Not a standalone solution
Machine learning algorithms that identify and track ransomware actors seeking blockchain payments — and nearly all ransomware is blockchain-enabled — are now bound to improve, Bieda said. But machine learning solutions are just “one of the factors supporting blockchain analytics and not a standalone solution.” There is still a critical need “for broad industry collaboration between law enforcement agencies, blockchain research firms, virtual asset service providers and, of course, victims of blockchain fraud.”
Dalal added that many technical challenges remain, mostly a result of the unique nature of pseudo-anonymity, explaining to Coin-Crypto:
“Most public blockchains are not authorized and users can create as many addresses as they want. The transactions get even more complicated because there are tumblers and other mixing services that can mix corrupted money with many others. This increases the combinatorial complexity of identifying perpetrators hiding behind multiple addresses.”
Still, it seems to be going in the right direction. “I think we’re making significant progress as an industry,” Liska added, “and we’ve done that relatively quickly.” A number of companies have done some very innovative work in this area, “and the Treasury Department and other government agencies are also starting to see the value in blockchain analysis.”
On the other hand, while blockchain analysis is clearly making strides, “so much money is currently being made from ransomware and cryptocurrency theft that even the impact this work has pales in comparison to the overall problem,” Liska added.
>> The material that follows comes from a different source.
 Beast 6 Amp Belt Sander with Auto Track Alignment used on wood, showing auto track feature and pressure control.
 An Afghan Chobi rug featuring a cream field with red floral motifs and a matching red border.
While Bieda sees progress, getting companies to report blockchain fraud will still be challenging, especially outside of the United States. “Over the past two years, more than 11,000 victims of blockchain fraud have reached Coinfirm through our Reclaim Crypto website,” he said. “One of the questions we ask is: ‘Have you reported the theft to the police?’ – and many victims do not.”
Dalal said the government’s mandate is an important step in the right direction. “This will definitely be a game changer,” he told Coin-Crypto, as attackers won’t be able to repeat using their favorite techniques, “and they’ll have to move much faster to attack multiple targets. It also lessens the stigma attached to the attacks and potential victims will be better able to protect themselves.”